5
votes

I came across the initial sequence concept. Serching through the Standard for initial sequence phrase gives only 3 results and they don't give a definition.

Section N3797::9.5/1 [class.union]:

If a standard-layout union contains several standard-layout structs that share a common initial sequence (9.2), and if an object of this standard-layout union type contains one of the standard-layout structs, it is permitted to inspect the common initial sequence of any of standard-layout struct members;

I wish to look at an example which is demostrated that quote.

1
What prevents you from just writing up an example? key phrase "standard-layout union type contains one of the standard-layout structs"Cheers and hth. - Alf
@Cheersandhth.-Alf What's the initial sequnce?user2953119
I think it is saying that for as long as the data members are of the same type, the padding between them will be the same and the members will properly alias one another.
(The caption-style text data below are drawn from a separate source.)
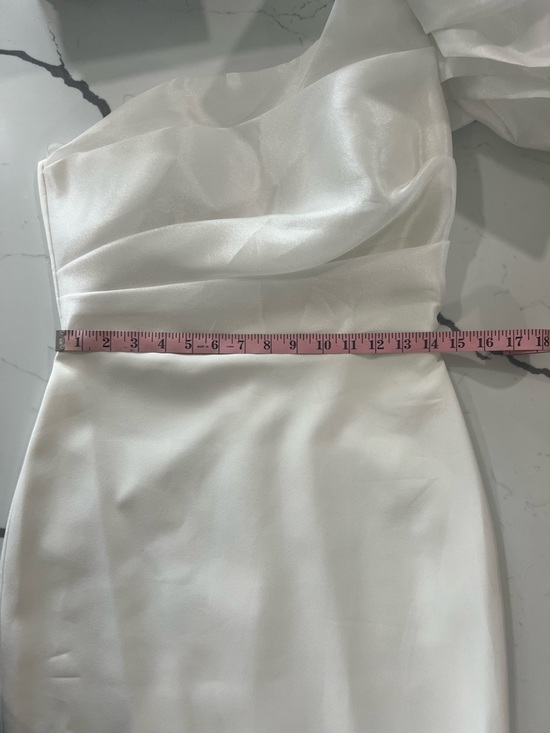 Elegant One-Shoulder White Satin Dress with Statement Bow - Picture 4 of 8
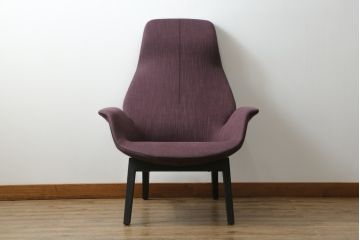 中古　極美品　イタリア製　Poliform(ポリフォーム)　Jean-Marie Massaud(ジャン・マリー・マッソー)　VENTURA(ベンチューラ)　洗練されたモダンデザインが魅力的なアームチェア(ラウンジチェア、1人掛けソファ、一人掛けソファ、パーソナルチェア)(定価約40万円6千円)(R-066908)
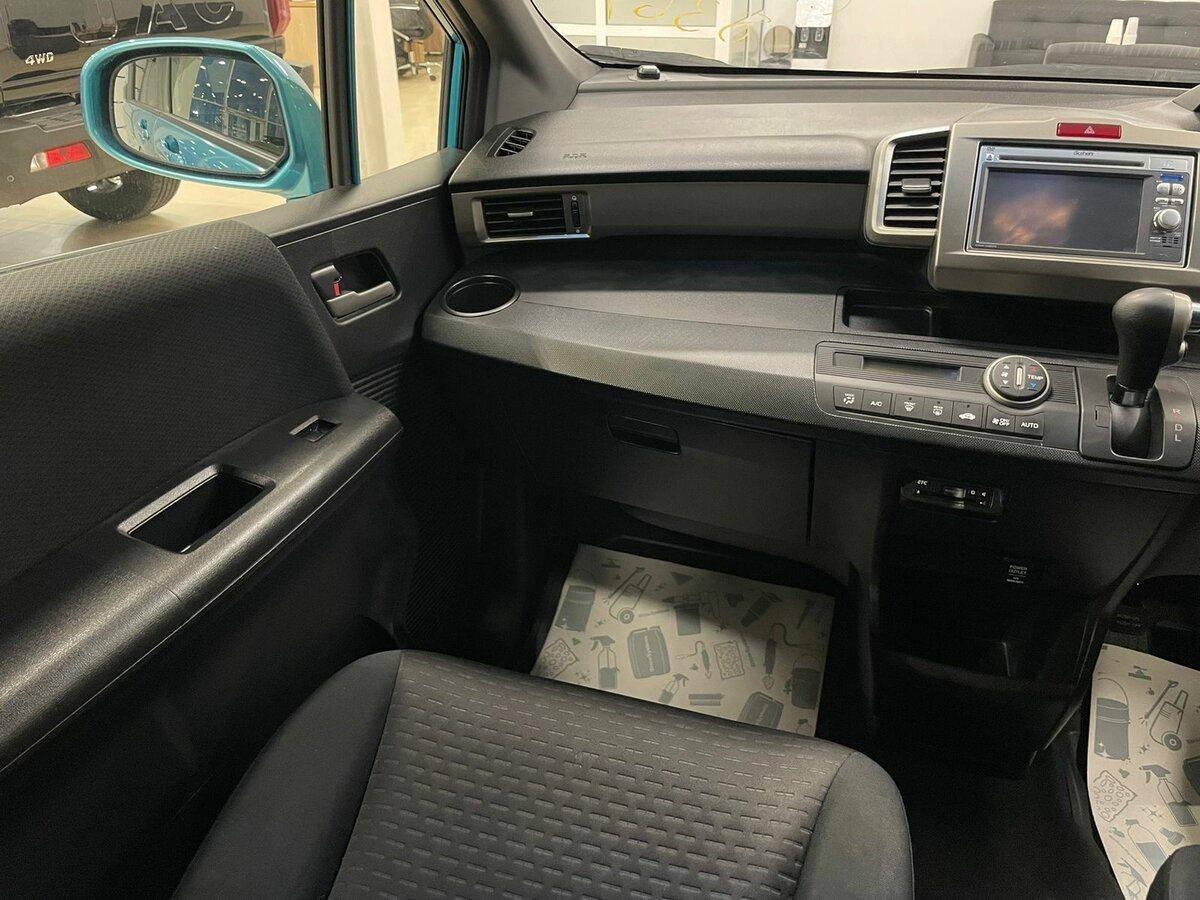 Honda Freed Spike, 2013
That means putting a number in using one struct's identifier can be accurately gotten out (from the same position) using a different struct's identifier until one of the structs contains a different type (in declaration order) to the other. (Is that explanation less complicated than the docs?)!Galik
the key-phrase here is common initial sequence, the common part is important, if all struct's start with int kind; then thats the common initial sequence.sp2danny
@DmitryFucintv According to my understading your example causes no UB. But that guarantee ends as soon as the types differ in declaration order.Galik

1 Answers

6
votes

I believe it's talking about this kind of thing:

union U {
    struct S {
        int a;
        int b;
        int c;
    }
    struct T {
        int x;
        int y;
        float f;
    }
};

It's saying that it's OK to access either U.S.a or U.T.x and that they will be equivalent. Ditto for U.S.b and U.T.y of course. But accessing U.T.f after setting U.S.c would be undefined behaviour.